- _What the task asks_:
Print the data exactly. Pictures stay out.

- _Provided material_:
________

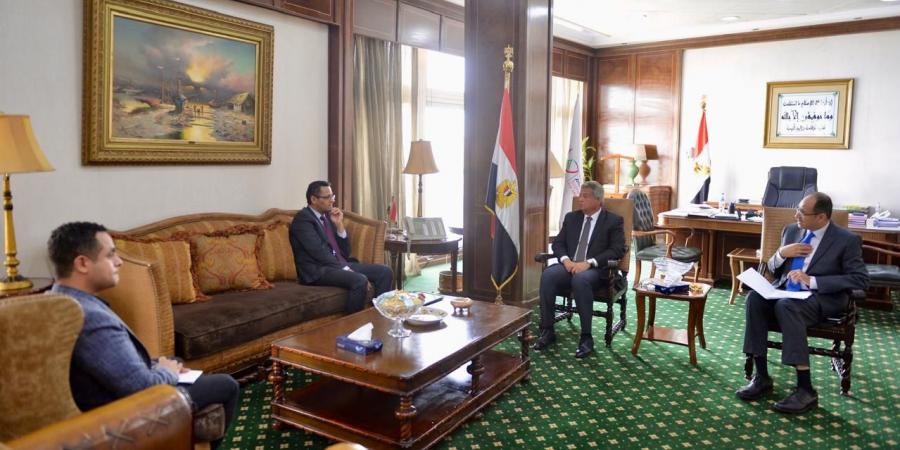 رئيس الأعلى للإعلام يستقبل نقيب الصحفيين لمناقشة عدد من ملفات العمل المشتركة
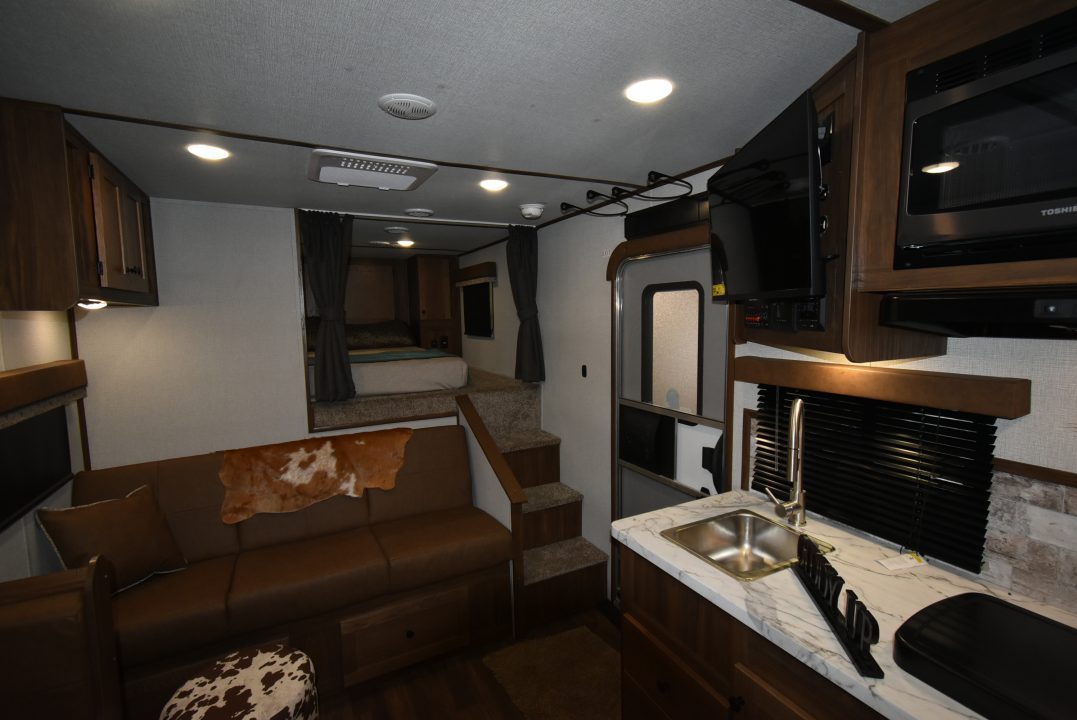 New 2026 Bison Trailers Trailhand 81316 Horse Trailer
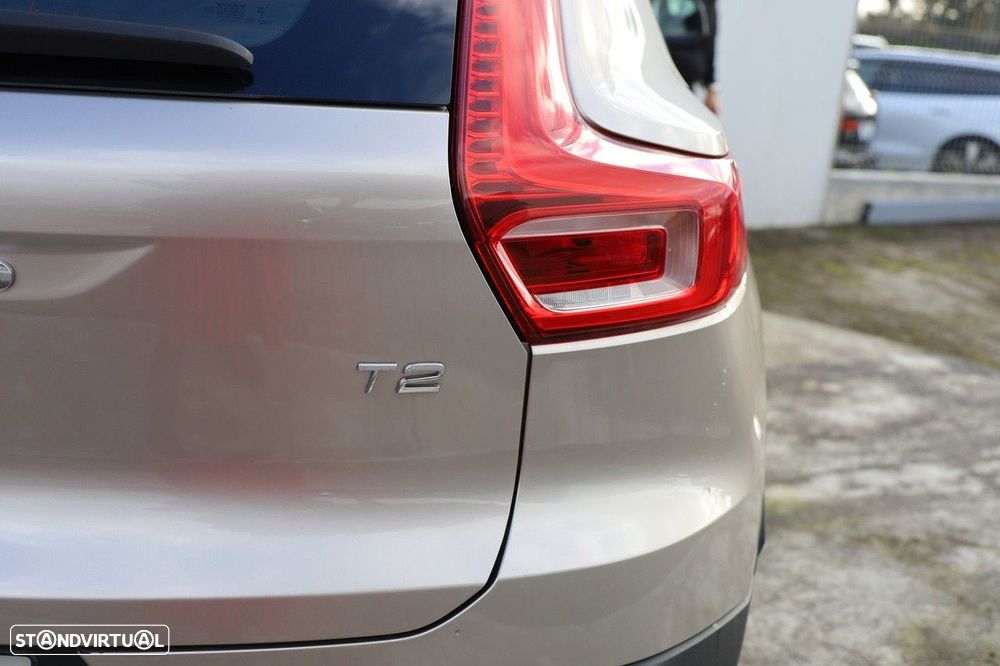 Volvo XC 40 1.5 T2 Plus Dark Auto - 33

________

- _Task result_:
 رئيس الأعلى للإعلام يستقبل نقيب الصحفيين لمناقشة عدد من ملفات العمل المشتركة
 New 2026 Bison Trailers Trailhand 81316 Horse Trailer
 Volvo XC 40 1.5 T2 Plus Dark Auto - 33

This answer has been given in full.